> Problem: Return the lines of the data below starting at the one holding "4x Hortensia Hydrangea" and ending at the one holding "Kite in the sky, insect", word for word, leaving every picture out.
- Opening Delimiter -
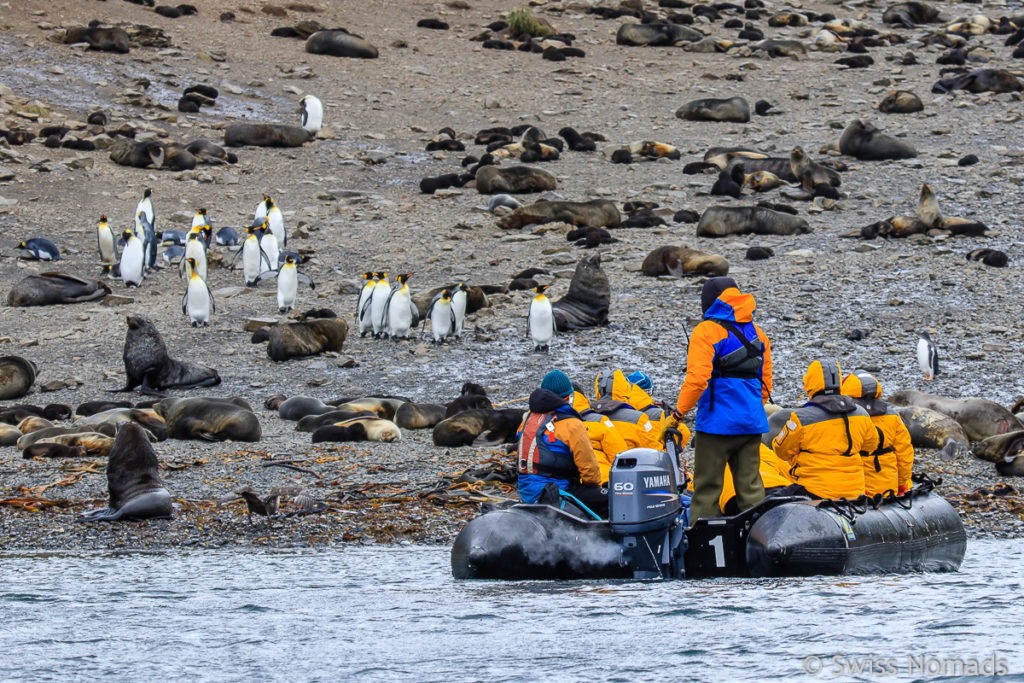 Zodiac Cruise in der Right Whale Bay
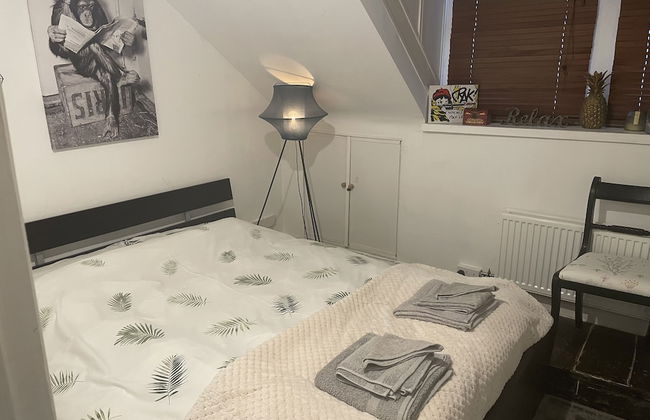 Entire Artistic Open-plan Top Floor Apartment - Foto 4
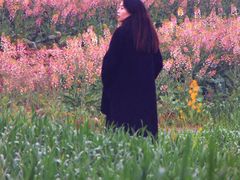 -白鹭湾湿地公园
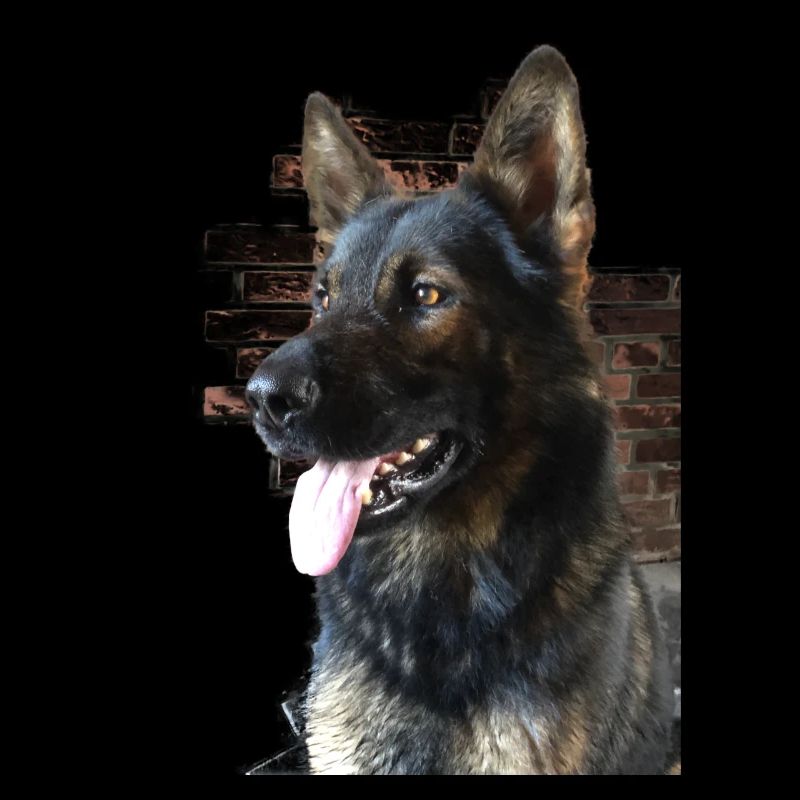 Deutscher Schäferhund Profilbild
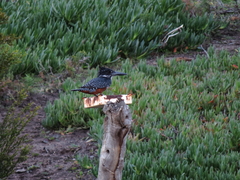 Megaceryle maxima maxima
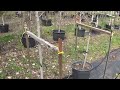 Straightening Crooked Tree Trunks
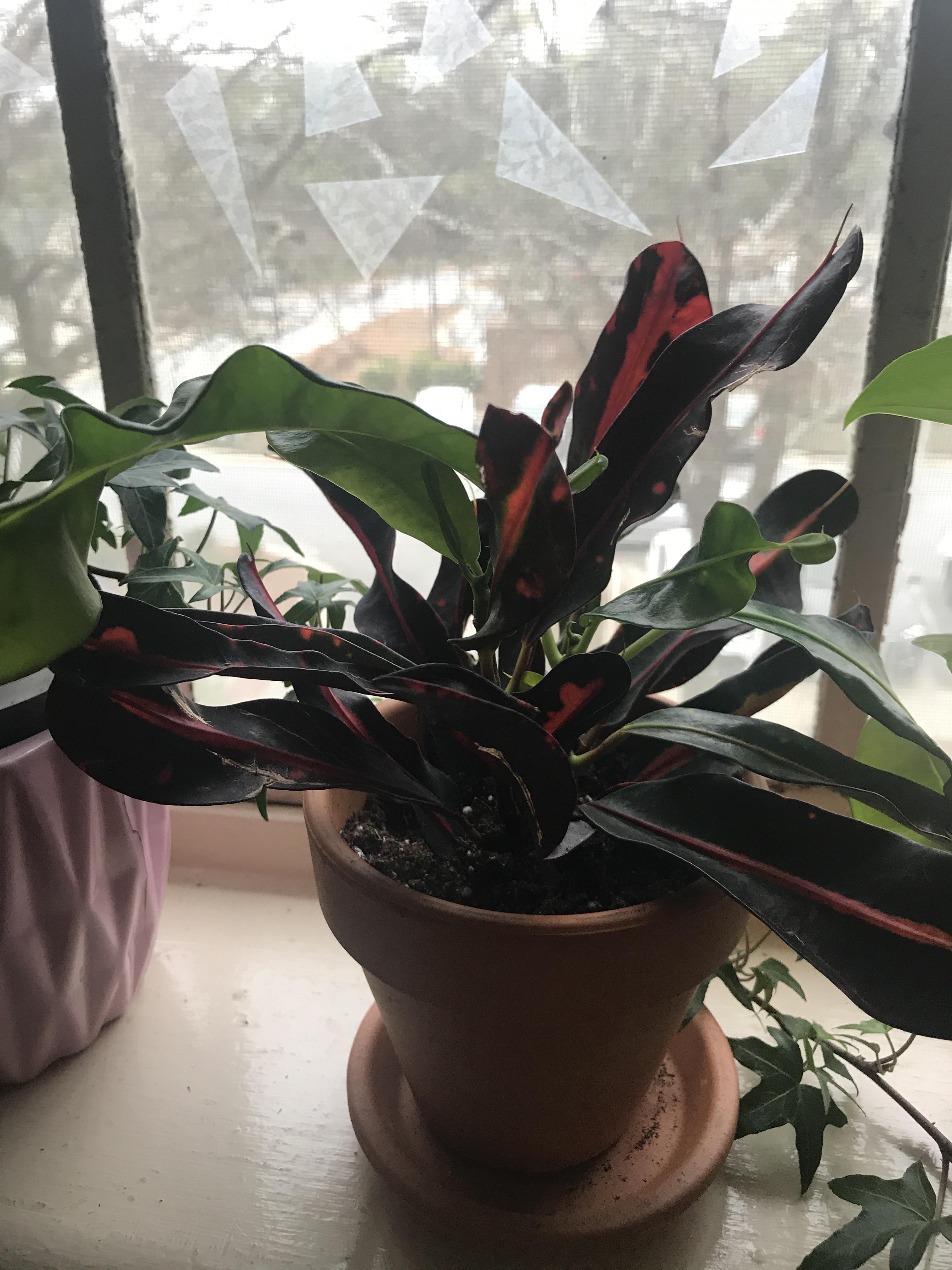 Why is my Mammy Croton wilting? The darker leaves are drooping and so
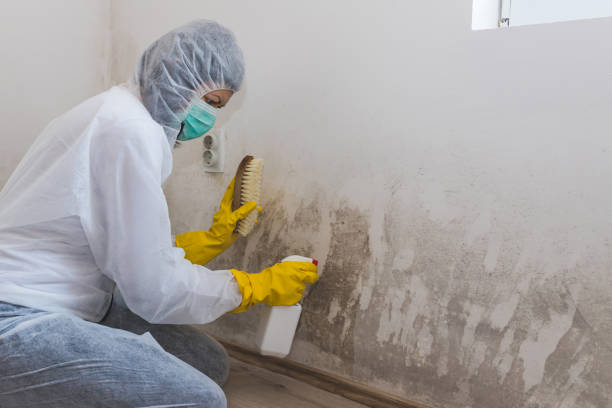 Best Water Damage Restoration  in Lipatria, CA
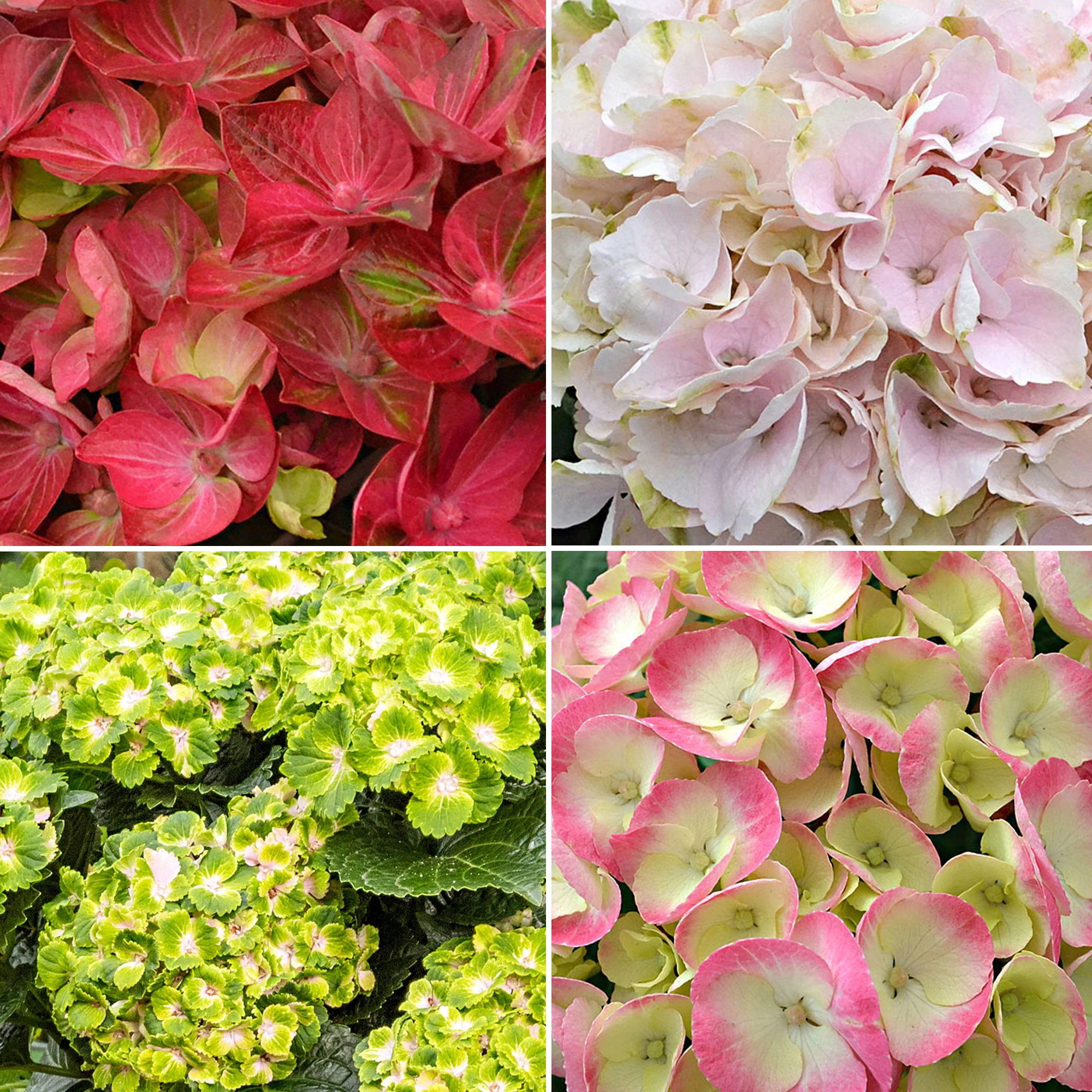 4x Hortensia Hydrangea - Mélange 'Colourful Dreaming' - Image 2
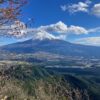 天子ヶ岳(1330m) 白水山(811m) 天子山地・上稲子より周回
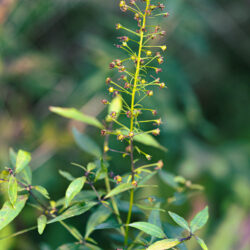 Lysimachia terrestris Swamp candles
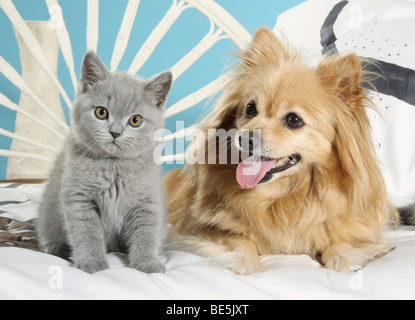 Amicizia animale tra cane e gatto: British Shorthair kitten e misto-razza cane accanto a wach altro Foto Stock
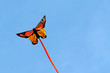 Kite in the sky, insect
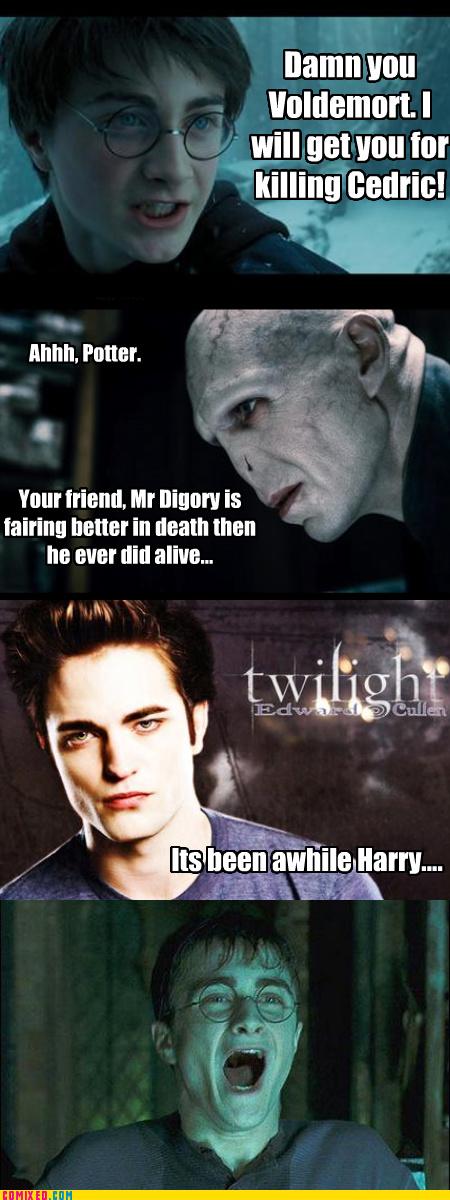 Harry Potter Voldemort Meme  Harry potter jokes, Harry potter memes, Harry  potter memes hilarious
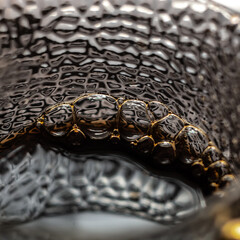 Poster - A CloseUp Image of Textured Glass Featuring Unique and Intricate Patterns and Design
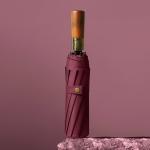Windproof 10-Ribbed Metal Shaft Automatic Open / Close Travel Umbrella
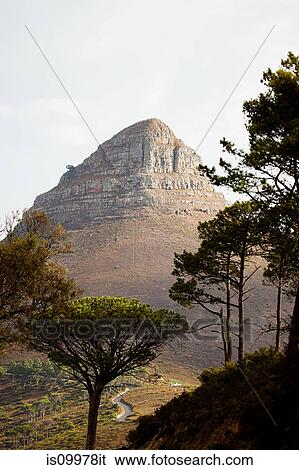 Lion's Head mountain viewed from Signal Hill, Cape Town South Africa, View Large Photo Image Stock Photograph - Lion's Head mountain viewed from Signal Hill, Cape Town South Africa,. Fotosearch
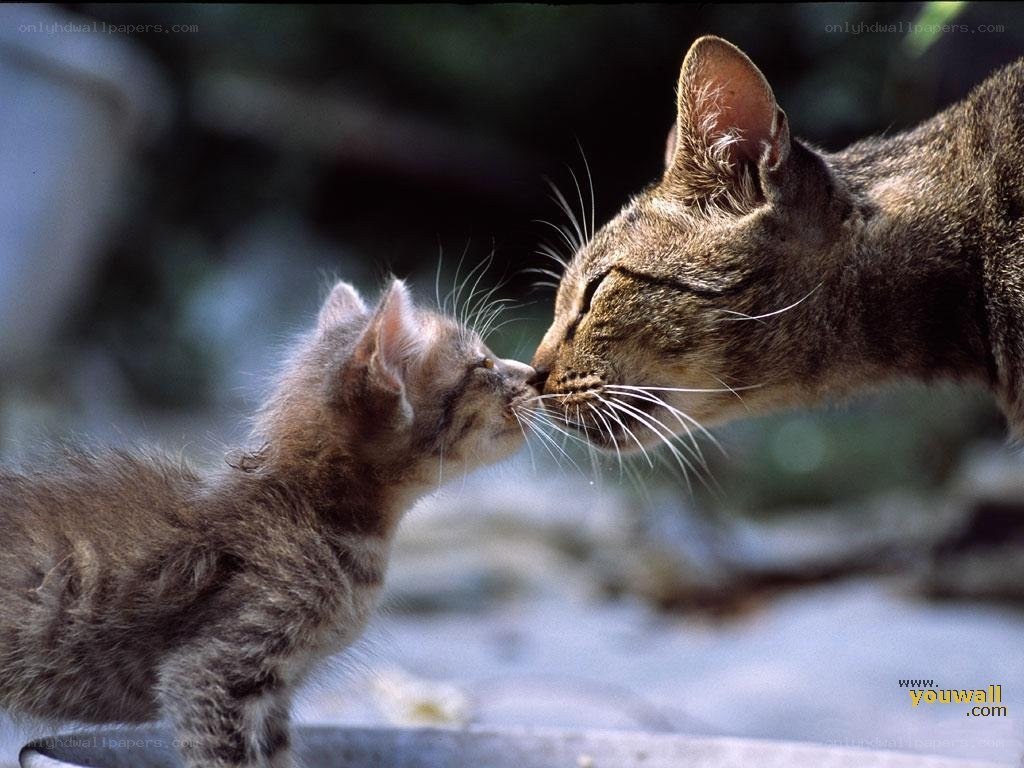 kitten and mother cat nuzzle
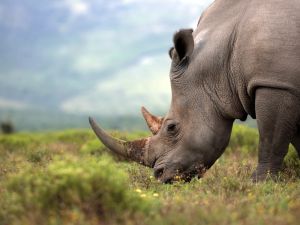 A close up photo of an endangered white rhino (Shutterstock)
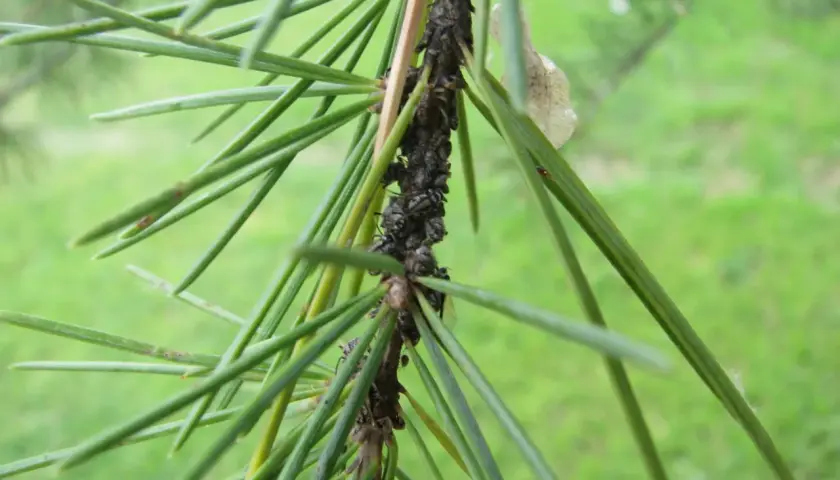 Plaga de pulgones en un ciprés, un ejemplo de enfermedades del ciprés. Fotos de insectos chupadores en ramas verdes.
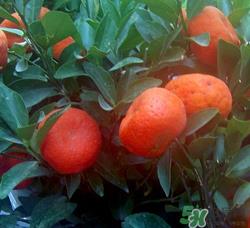 桔子籽的功效与作用 橘子籽的功效与作用 桔子籽的功效与作用 橘子籽的功效与作用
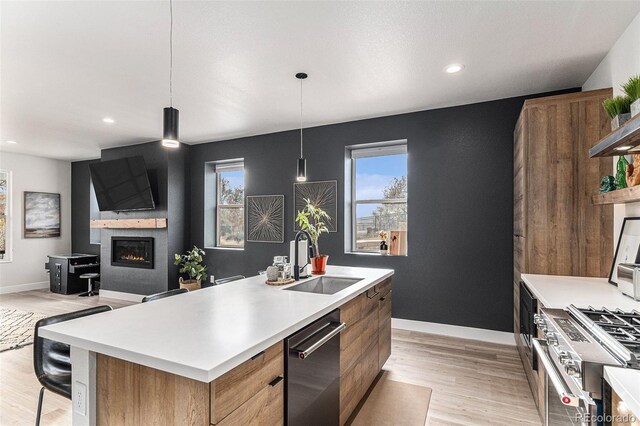 kitchen featuring modern cabinets, a sink, light wood-style floors, a fireplace, and appliances with stainless steel finishes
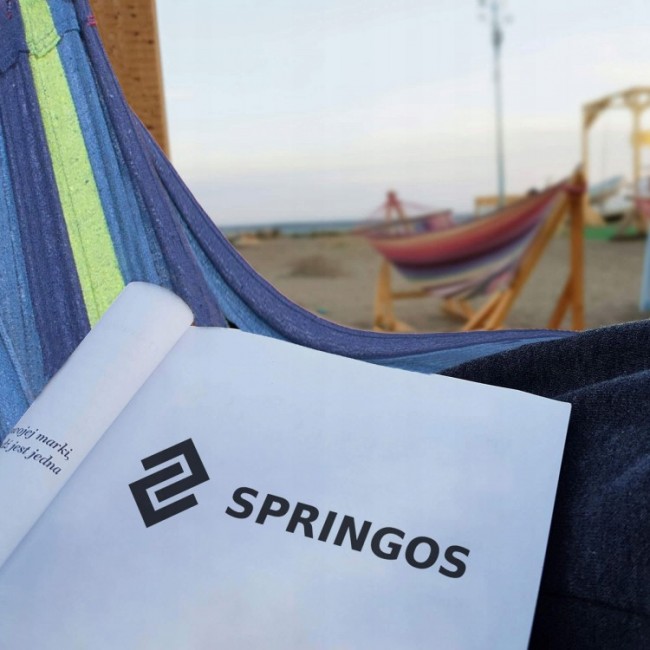 Гамак подвесной с деревянными перекладинами Springos 200 x 80 см HM028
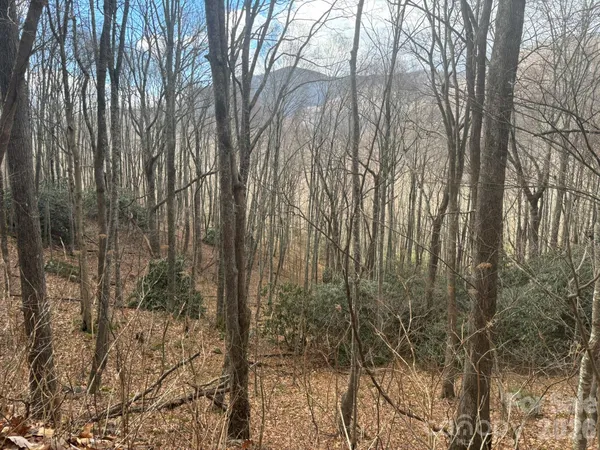 a view of forest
- Closing Delimiter -
> Response:
 4x Hortensia Hydrangea - Mélange 'Colourful Dreaming' - Image 2
 天子ヶ岳(1330m) 白水山(811m) 天子山地・上稲子より周回
 Lysimachia terrestris Swamp candles
 Amicizia animale tra cane e gatto: British Shorthair kitten e misto-razza cane accanto a wach altro Foto Stock
 Kite in the sky, insect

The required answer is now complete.